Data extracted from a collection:
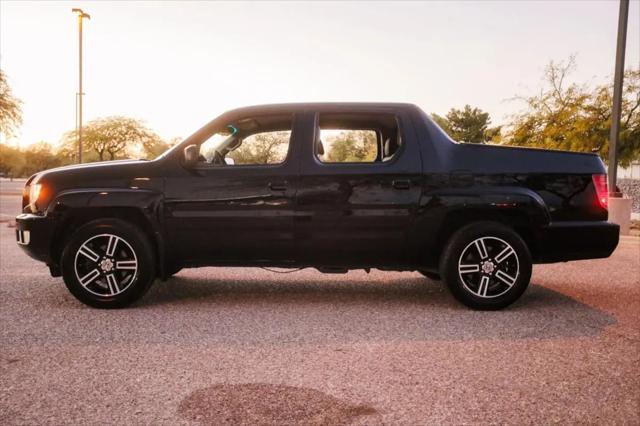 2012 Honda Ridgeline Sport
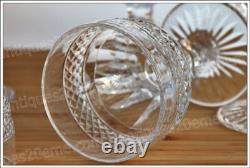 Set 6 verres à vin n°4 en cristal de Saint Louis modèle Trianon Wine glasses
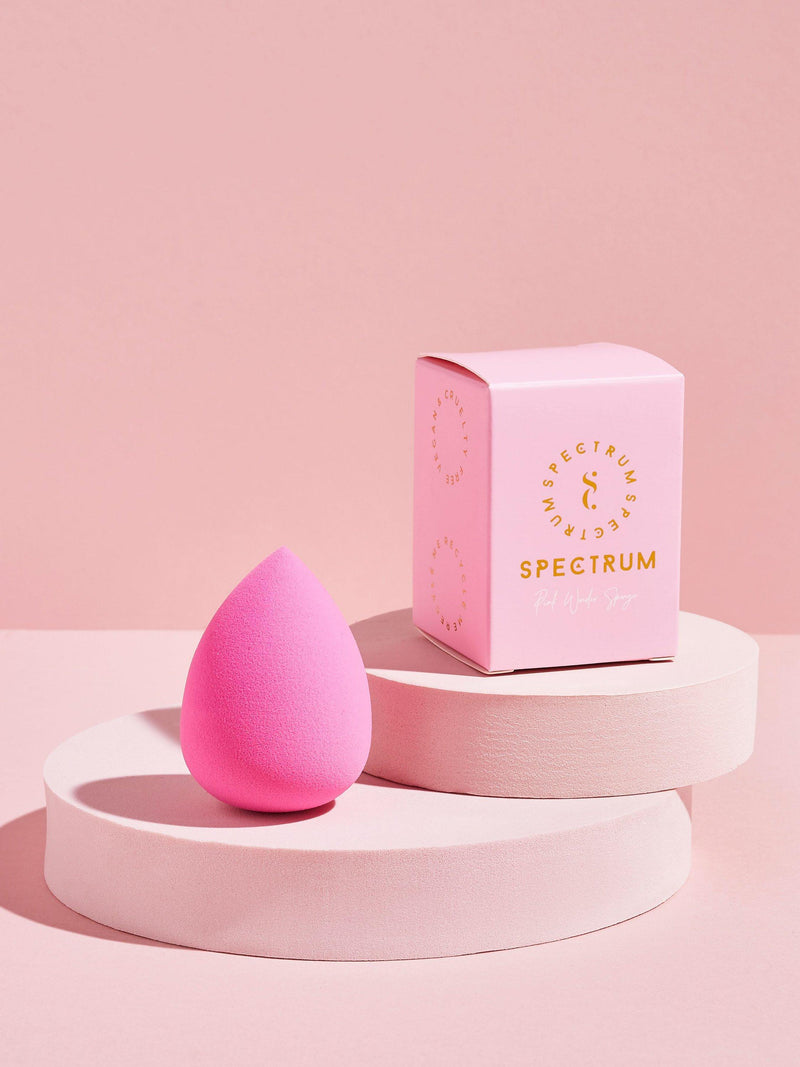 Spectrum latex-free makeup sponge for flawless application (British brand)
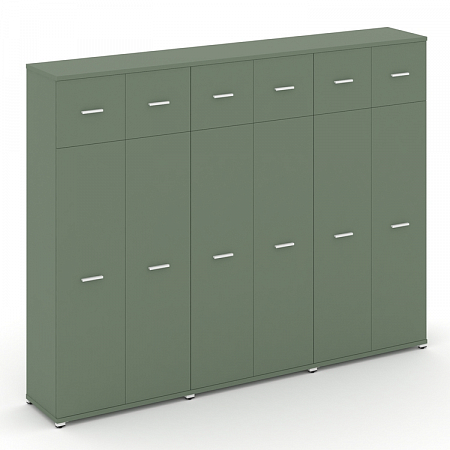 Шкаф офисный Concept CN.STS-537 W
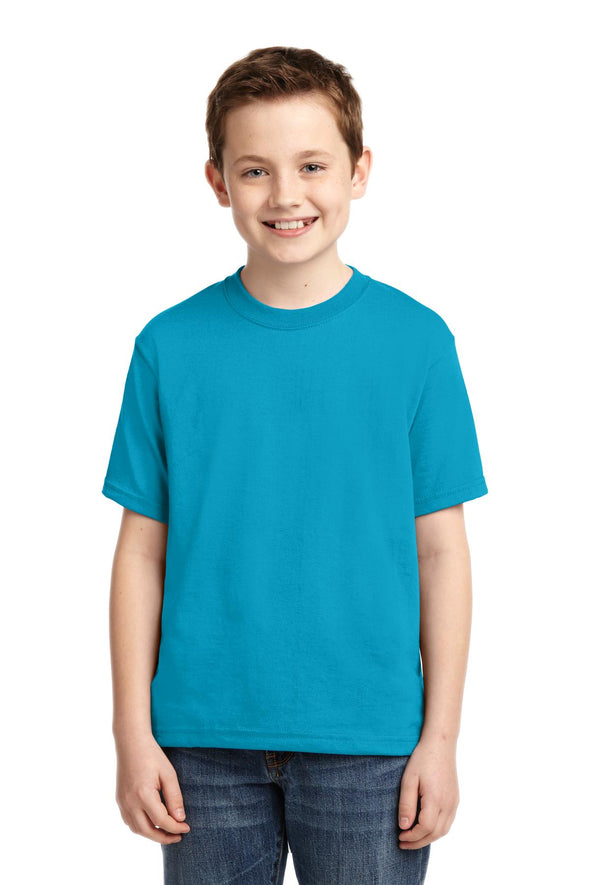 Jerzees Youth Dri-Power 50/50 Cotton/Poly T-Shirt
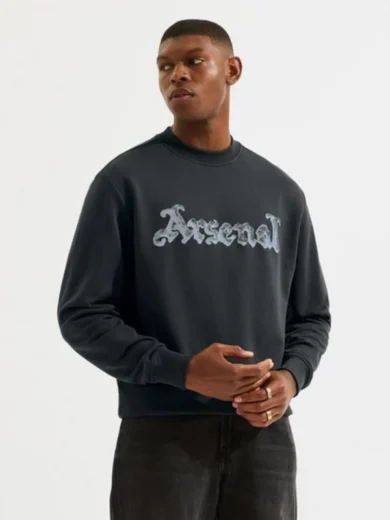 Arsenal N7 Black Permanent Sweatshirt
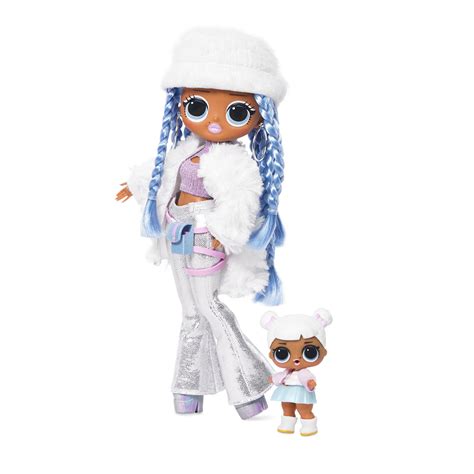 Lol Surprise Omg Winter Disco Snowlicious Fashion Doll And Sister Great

Exercise aim: Restate, exactly as they appear, the line with "Spectrum latex-free makeup" and all the lines after it up to the end of the data above; images do not belong in the copy.

Solved exercise:
 Spectrum latex-free makeup sponge for flawless application (British brand)
 Шкаф офисный Concept CN.STS-537 W
 Jerzees Youth Dri-Power 50/50 Cotton/Poly T-Shirt
 Arsenal N7 Black Permanent Sweatshirt
 Lol Surprise Omg Winter Disco Snowlicious Fashion Doll And Sister Great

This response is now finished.